* _Task material_:
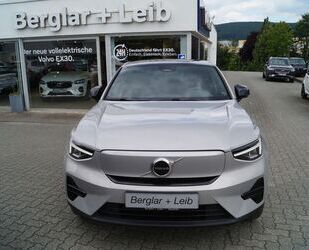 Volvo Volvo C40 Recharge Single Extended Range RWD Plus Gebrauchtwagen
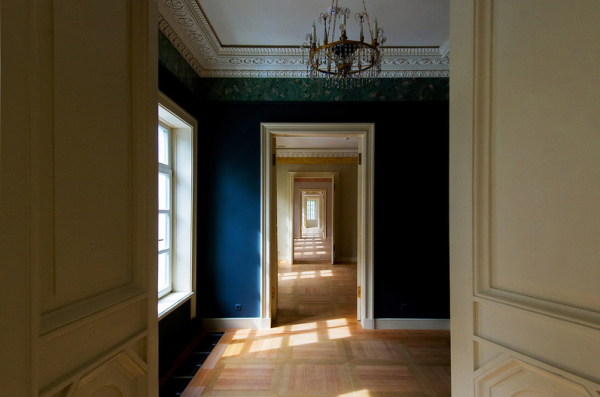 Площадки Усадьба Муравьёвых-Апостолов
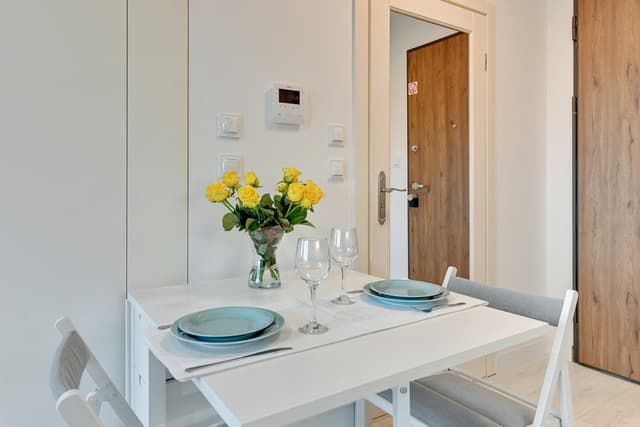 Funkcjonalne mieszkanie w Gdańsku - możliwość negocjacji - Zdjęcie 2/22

...

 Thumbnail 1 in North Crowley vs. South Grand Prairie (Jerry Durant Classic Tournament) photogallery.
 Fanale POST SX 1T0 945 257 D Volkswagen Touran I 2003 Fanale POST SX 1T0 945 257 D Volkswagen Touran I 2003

* _Aim of the task_: Starting with the line that has "Volvo Volvo C40" and ending with the line that has "Funkcjonalne mieszkanie w", repeat the lines above exactly, omitting every picture.

* _Response for this exercise_:
 Volvo Volvo C40 Recharge Single Extended Range RWD Plus Gebrauchtwagen
 Площадки Усадьба Муравьёвых-Апостолов
 Funkcjonalne mieszkanie w Gdańsku - możliwość negocjacji - Zdjęcie 2/22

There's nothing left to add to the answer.